[Start of Attachment]

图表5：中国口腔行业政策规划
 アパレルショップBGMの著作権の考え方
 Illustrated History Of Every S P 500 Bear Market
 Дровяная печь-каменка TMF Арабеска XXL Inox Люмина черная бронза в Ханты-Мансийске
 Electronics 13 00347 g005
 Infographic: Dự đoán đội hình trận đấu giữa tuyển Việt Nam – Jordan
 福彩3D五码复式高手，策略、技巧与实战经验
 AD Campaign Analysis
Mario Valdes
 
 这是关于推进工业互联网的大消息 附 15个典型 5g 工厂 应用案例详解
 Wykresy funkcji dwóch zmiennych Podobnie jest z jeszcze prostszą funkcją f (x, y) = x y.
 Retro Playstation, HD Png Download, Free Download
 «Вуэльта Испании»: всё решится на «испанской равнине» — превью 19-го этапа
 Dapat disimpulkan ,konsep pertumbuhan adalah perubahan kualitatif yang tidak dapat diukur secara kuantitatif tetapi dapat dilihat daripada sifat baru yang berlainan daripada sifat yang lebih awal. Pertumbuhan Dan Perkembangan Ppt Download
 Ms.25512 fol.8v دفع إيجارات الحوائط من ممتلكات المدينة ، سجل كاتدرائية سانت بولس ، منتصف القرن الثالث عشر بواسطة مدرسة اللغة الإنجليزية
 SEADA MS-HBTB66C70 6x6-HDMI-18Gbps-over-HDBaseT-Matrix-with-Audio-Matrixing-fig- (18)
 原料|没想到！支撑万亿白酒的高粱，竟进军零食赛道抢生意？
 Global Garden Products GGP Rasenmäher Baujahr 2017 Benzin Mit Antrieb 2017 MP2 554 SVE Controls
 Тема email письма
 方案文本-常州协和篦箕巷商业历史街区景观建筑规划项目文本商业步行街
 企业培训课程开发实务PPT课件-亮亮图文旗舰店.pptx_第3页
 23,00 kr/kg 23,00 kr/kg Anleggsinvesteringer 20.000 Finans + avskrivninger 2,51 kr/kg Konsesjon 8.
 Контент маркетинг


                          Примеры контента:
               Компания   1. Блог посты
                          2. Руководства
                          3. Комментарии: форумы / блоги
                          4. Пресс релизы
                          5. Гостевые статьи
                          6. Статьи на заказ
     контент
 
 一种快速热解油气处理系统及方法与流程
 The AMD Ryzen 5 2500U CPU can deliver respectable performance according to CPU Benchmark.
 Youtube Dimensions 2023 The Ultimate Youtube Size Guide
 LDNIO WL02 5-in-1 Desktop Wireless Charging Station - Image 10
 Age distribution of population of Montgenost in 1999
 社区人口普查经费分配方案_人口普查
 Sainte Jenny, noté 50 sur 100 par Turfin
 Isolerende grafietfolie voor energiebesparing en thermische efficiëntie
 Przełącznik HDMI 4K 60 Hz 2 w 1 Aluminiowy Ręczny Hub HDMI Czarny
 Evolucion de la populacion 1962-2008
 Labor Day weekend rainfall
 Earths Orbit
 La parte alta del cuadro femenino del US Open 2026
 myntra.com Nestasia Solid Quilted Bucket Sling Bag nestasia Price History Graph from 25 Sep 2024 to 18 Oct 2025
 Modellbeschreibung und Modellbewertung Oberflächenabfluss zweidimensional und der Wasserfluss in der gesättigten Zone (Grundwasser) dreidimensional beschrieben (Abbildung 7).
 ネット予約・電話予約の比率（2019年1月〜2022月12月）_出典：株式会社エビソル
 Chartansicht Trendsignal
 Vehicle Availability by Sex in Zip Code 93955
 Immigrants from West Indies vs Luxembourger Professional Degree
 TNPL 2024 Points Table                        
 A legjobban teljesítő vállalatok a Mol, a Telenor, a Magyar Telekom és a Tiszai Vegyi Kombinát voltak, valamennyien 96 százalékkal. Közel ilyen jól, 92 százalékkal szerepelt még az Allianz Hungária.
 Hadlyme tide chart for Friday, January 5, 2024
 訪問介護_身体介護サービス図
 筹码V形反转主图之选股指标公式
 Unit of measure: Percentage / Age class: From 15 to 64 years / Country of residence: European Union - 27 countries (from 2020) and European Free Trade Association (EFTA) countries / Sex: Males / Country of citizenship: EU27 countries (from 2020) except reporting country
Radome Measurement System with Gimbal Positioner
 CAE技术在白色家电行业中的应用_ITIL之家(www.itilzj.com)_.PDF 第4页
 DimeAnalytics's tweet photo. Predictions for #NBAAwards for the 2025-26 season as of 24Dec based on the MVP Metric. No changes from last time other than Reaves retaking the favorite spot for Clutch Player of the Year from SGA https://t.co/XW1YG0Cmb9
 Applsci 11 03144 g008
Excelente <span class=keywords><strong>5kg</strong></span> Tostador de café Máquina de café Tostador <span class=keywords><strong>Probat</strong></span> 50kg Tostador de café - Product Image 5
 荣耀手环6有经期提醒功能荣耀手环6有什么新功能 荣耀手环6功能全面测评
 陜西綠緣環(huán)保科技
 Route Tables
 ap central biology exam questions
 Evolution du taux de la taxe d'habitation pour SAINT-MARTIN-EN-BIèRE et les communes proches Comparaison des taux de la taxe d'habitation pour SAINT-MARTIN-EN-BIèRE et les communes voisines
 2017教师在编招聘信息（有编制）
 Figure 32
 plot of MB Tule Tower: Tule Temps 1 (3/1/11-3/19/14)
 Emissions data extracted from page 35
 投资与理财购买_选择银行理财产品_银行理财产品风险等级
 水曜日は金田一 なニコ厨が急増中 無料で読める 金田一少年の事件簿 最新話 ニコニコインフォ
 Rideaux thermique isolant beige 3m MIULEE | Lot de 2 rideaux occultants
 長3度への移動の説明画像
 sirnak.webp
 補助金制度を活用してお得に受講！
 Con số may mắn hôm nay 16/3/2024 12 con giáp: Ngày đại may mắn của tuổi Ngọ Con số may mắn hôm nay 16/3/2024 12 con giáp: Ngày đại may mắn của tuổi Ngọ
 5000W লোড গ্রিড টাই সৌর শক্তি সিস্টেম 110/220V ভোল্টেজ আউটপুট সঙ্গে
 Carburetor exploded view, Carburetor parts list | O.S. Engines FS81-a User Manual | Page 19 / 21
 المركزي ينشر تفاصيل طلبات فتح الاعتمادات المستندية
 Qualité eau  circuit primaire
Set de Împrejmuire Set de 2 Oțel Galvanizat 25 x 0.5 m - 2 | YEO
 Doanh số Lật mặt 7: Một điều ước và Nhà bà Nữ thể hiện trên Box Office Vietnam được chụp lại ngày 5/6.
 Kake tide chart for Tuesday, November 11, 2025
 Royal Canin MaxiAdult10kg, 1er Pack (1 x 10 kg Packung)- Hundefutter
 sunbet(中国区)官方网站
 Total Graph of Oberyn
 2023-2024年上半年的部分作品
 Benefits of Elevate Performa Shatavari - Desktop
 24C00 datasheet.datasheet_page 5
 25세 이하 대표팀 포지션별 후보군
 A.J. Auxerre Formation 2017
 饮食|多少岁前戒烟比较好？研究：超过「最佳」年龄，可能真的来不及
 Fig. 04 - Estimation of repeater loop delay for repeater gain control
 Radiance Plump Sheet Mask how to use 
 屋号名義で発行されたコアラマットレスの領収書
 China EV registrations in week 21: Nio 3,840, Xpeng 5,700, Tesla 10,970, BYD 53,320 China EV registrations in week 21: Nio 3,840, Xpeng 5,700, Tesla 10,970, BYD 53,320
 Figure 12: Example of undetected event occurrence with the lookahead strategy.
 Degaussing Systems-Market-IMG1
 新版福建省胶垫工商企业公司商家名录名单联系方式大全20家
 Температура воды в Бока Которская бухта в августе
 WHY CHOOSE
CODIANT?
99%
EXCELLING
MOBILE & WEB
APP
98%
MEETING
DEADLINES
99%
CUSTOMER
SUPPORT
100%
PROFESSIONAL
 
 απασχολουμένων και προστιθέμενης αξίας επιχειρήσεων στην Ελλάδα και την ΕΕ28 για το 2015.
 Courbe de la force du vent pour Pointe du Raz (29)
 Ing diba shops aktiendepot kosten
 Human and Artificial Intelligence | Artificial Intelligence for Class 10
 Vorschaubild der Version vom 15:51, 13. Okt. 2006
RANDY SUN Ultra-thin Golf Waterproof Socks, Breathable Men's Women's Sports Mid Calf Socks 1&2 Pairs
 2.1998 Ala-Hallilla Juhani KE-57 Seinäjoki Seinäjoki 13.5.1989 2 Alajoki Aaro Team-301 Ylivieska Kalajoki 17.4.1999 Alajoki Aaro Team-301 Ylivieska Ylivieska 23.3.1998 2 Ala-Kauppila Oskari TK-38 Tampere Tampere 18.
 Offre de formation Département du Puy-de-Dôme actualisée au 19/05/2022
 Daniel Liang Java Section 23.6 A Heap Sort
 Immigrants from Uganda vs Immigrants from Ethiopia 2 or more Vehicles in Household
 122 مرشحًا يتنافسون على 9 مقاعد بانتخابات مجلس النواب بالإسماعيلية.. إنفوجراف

[End of Attachment]

Every line above with the string "Immigrants" in it should be copied into the answer.

 Immigrants from West Indies vs Luxembourger Professional Degree
 Immigrants from Uganda vs Immigrants from Ethiopia 2 or more Vehicles in Household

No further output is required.